#### DATA EXCERPTS ####

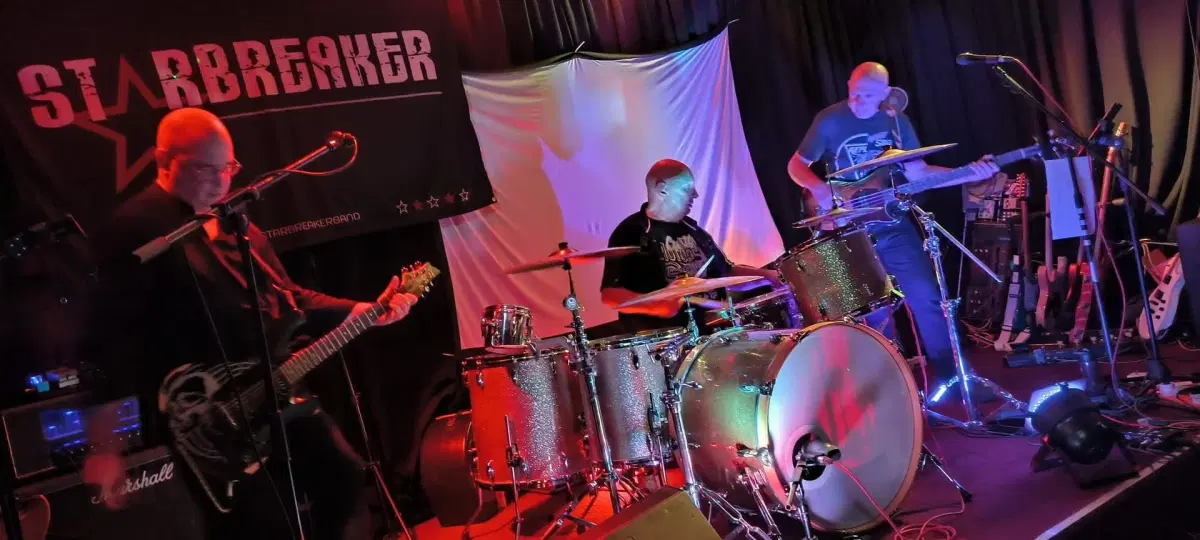 Starbreaker live @ The Live Lounge Sunderland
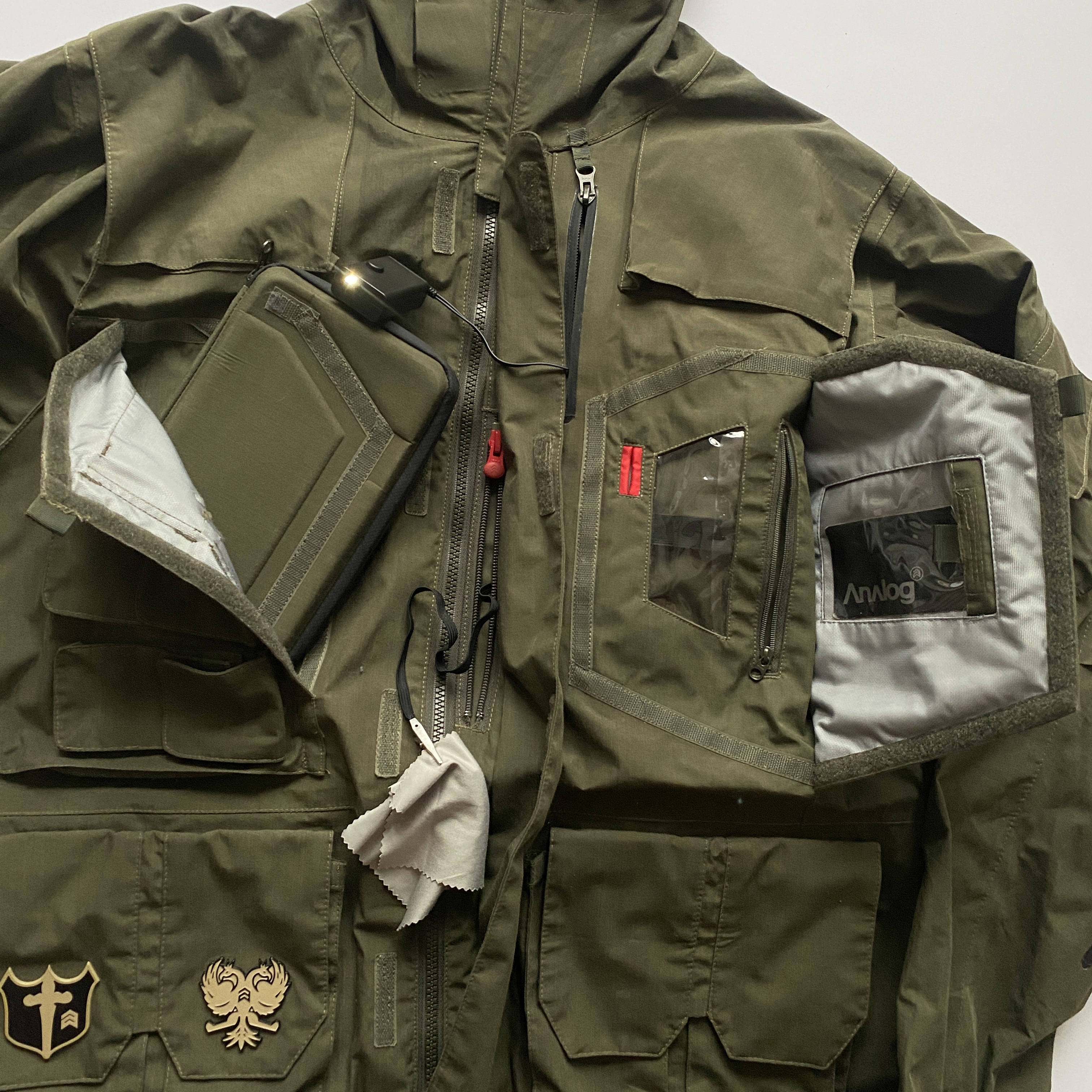 A Closer Look at Burton Analog's 'Blacks Ops' Snowboarding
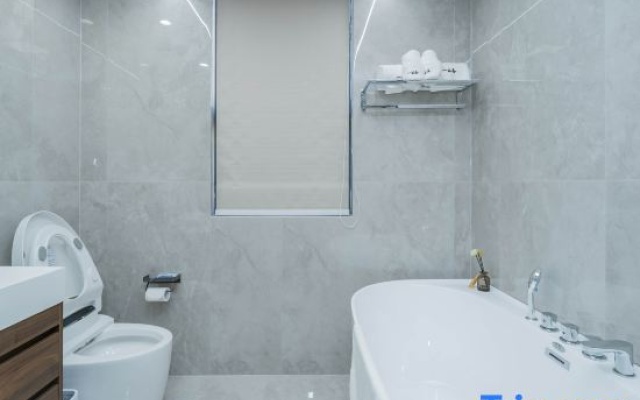 See you at first sight. Qu camping camp vacation beauty hotel – Bathroom – Huzhou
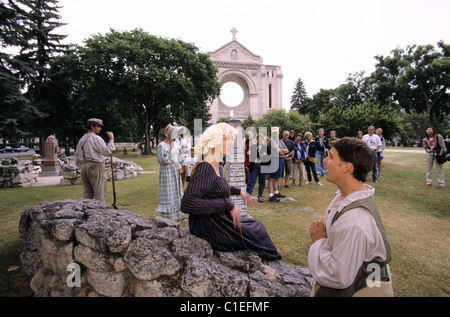 Canada, Manitoba, Winnipeg, Saint Boniface, spectacle historique en face de la cathédrale Banque D'Images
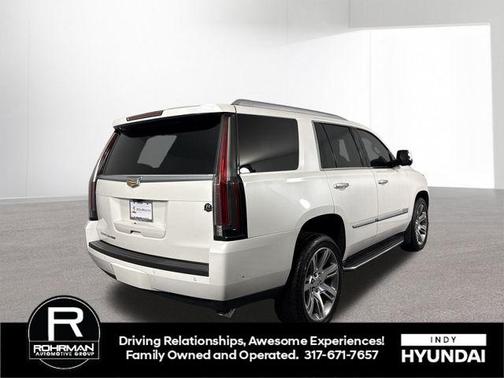 2017 Cadillac Escalade Luxury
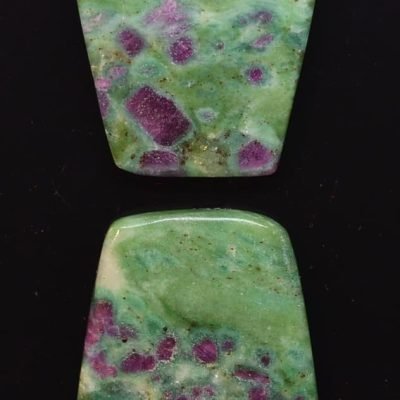 Ruby-in-fuchsite-53.84-ct.jpg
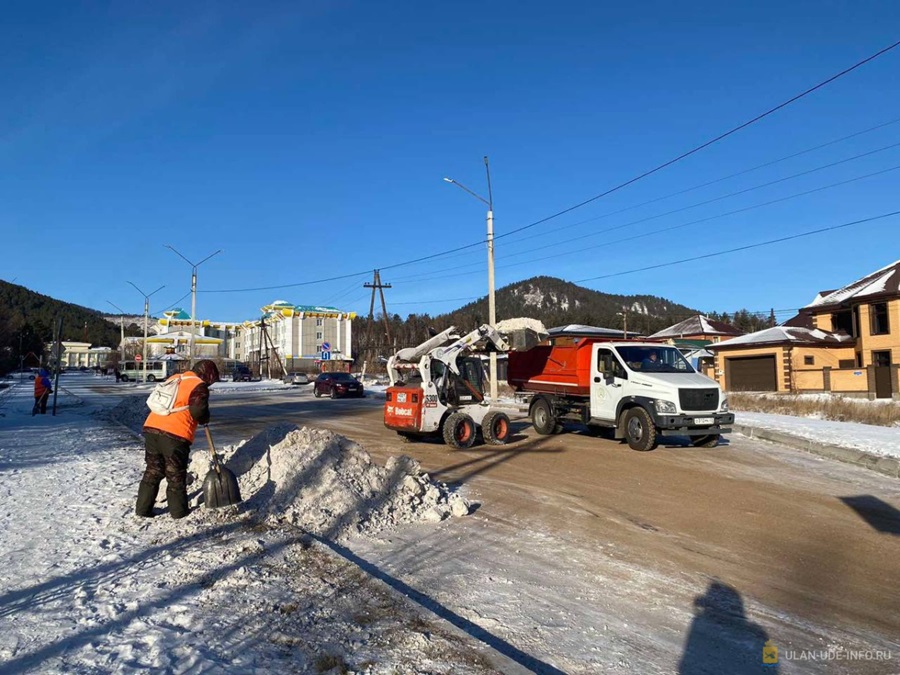 В Улан-Удэ за сутки вывезли 28 КАМАЗов снега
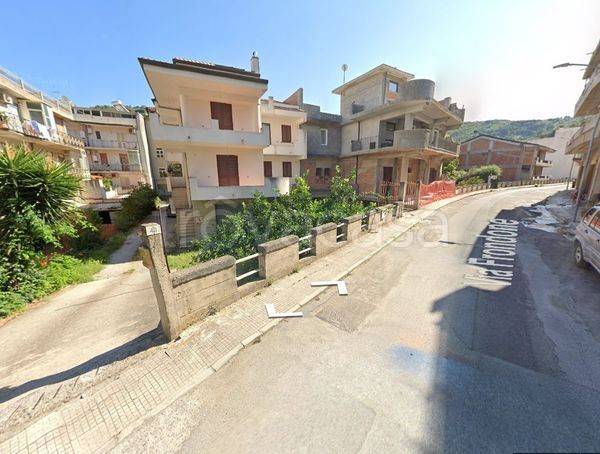 appartamento in vendita a Gualtieri Sicaminò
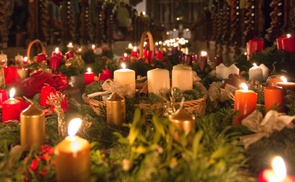 Advent, Advent, die erste Kerze brenntFür die Christen beginnt am ersten Adventsonntag nicht nur ein neues Kirchenjahr, sondern auch der Weihnachtsfestkreis. Vielerorts fanden am Samstag Adventkranzweihen statt so wie in der Stiftsbasilika von St. 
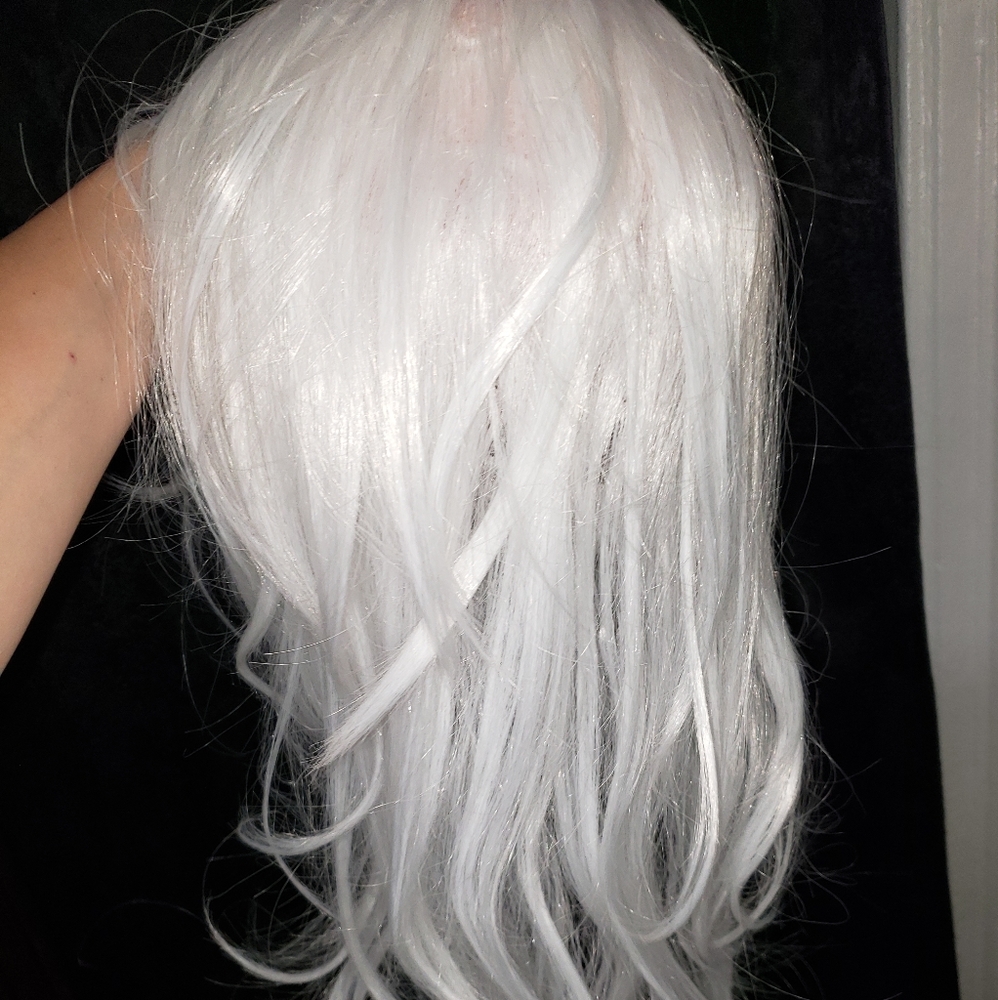 White wig - Picture 3 of 6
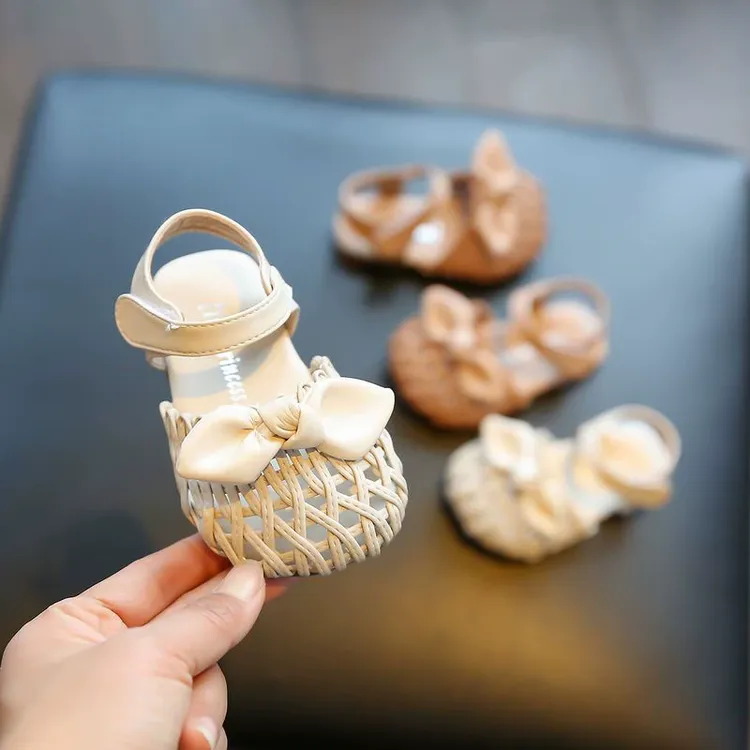 新款女宝宝凉鞋1一2-3岁小童公主夏季婴儿鞋子透气防滑软底学步鞋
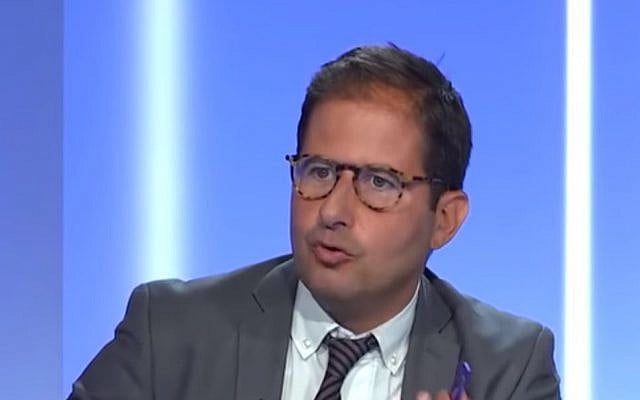 Alexis Lacroix, sur le plateau d'une émission digitale du Figaro en septembre 2017. (Capture d'écran YouTube/Le Figaro) Alexis Lacroix, sur le plateau d'une émission digitale du Figaro en septembre 2017. (Capture d'écran YouTube/Le Figaro)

####

▸ **WHAT YOU HAVE TO DO**
From the listing above, repeat only the lines between the line containing "Ruby-in-fuchsite-53.84-ct.jpg" and the line containing "appartamento in vendita a Gualtieri Sicaminò", those two included. Pictures are not part of the copy.

▸ **ANSWER SPACE**
 Ruby-in-fuchsite-53.84-ct.jpg
 В Улан-Удэ за сутки вывезли 28 КАМАЗов снега
 appartamento in vendita a Gualtieri Sicaminò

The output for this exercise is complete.